Kundaka-Kucchi-Sindhava Jataka (#254)

temple painting of Kundaka-Kucchi-Sindhava Jataka

The Bodhisatta was once a horse merchant. One time while taking five hundred horses to sell in the capital, he stopped to lodge in what had formerly been the grand estate of a rich merchant. But the family had suffered misfortune and now only one poor old woman lived there. She had a horse she had raised from a foal and loved like a son, but could only feed him leftovers and grass. Arriving at the estate to lodge for the night, the Bodhisatta’s horses scented this special horse and would not enter the grounds. The woman told the Bodhisatta her horse had gone out to graze, but would return soon, so he sat down outside to wait, knowing that when this special horse was back in the stable his horses would go in.

When the woman’s horse returned, the Bodhisatta saw that he was a peerless thoroughbred and wanted to buy him. The woman refused, saying it would be like selling a foster child. But the Bodhisatta said he could provide the horse with a luxurious life: he would eat only refined foods and would always have a cloth canopy over him and a rug to stand on. Wanting her horse to be happy, she agreed. The Bodhisatta gave her six thousand coins plus a new dress and jewelry. When the horse saw her like this, he cried tears of joy because she was no longer poor.

Then the Bodhisatta continued on his journey to sell his horses. He wanted to test his new horse to see if he knew how special he was, and so fed him some ordinary rice gruel. The horse refused to eat it and told the Bodhisatta that while this ordinary food was good enough for the woman, the Bodhisatta had the means to serve the better food that he deserved.
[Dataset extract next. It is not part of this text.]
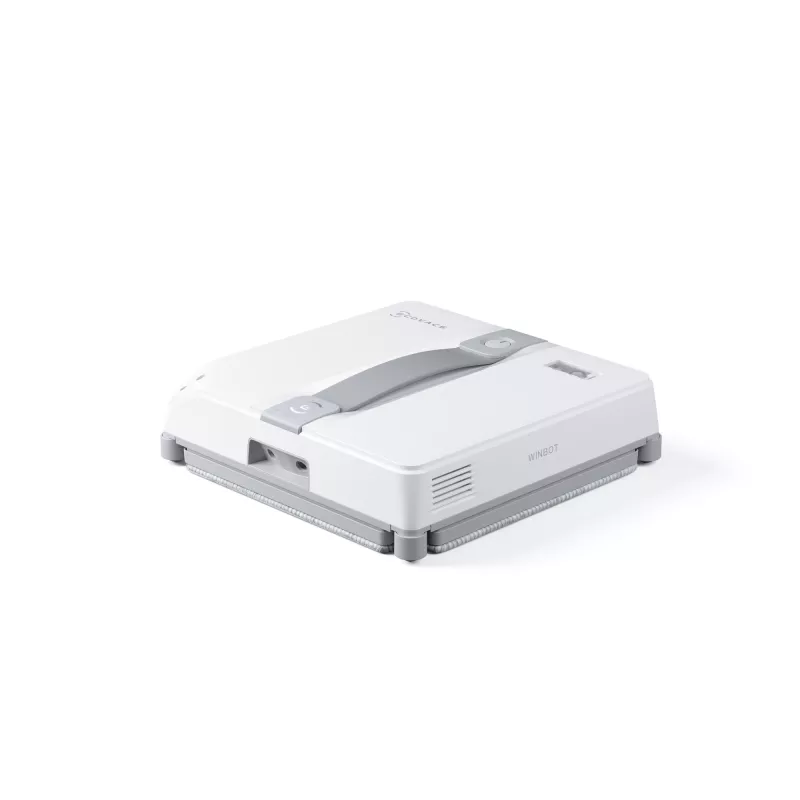 Odkurzacz do okien Ecovacs WINBOT MINI — ssanie, bateria Litowo‑Jonowa, min. okno 22×25 cm, 1,3 kg, 215×215×55 mm, szaro-biały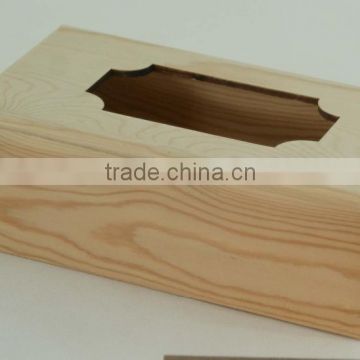 new design unfinished rectangular wooden tissue boxes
The Bodhisatta asked forgiveness from the horse, explaining that it was only a test, and gave the horse the fine food he had promised.

When the Bodhisatta came to the king’s courtyard, he kept his special new horse separate from his others, giving him the promised canopy and carpet. The king noticed the horse and asked to see him run. The Bodhisatta climbed on and raced around the courtyard so fast that everybody there saw a circle of horses without a break. Then the horse rode over the surface of a pond without even the tips of his hoofs getting wet, and as a final demonstration of his magnificent powers, the Bodhisatta dismounted and had the horse stand on his outstretched palm. The king was so impressed that he gave the Bodhisatta half of his kingdom in exchange for the horse, which he made his horse of state.

The king gave the horse a stable as glorious as his own bedchamber and fed him the same food that he ate. And with the horse’s help, the king soon ruled over the whole of India. The king also followed the Bodhisatta’s advice to give alms and do good deeds.

In the Lifetime of the Buddha

The old woman who raised the horse was an earlier birth of a poor woman who lived in town near the Buddha’s monastery, and the horse was an earlier birth of Sariputta, one of the Buddha’s top disciples. When the Buddha returned to his main monastery after being away for the rainy season, the local people wanted to present gifts to him and his disciples, so a ceremony was planned for the next day. This poor woman came the next morning after all the disciples and supporters had already been assigned to each other for the handover of gifts. But the clerk arranging things told her she could give her food to Sariputta, who was at the monastery though not participating in the ceremony.

She waited at the gate for him to leave and when he came by, she led him to her house to give him a meal. Many wealthy families in town who supported the Buddha, including the righteous King Pasenadi, heard that Sariputta was eating at her house and they all sent her money; about one hundred thousand coins. When Sariputta finished eating he preached to her before returning to the monastery.

The Buddha heard some disciples discussing how Sariputta had eaten this woman’s simple food and rescued her from poverty and he told this story so they knew he had done the same in the past.

The king was an earlier birth of Ananda, another of the Buddha’s top disciples.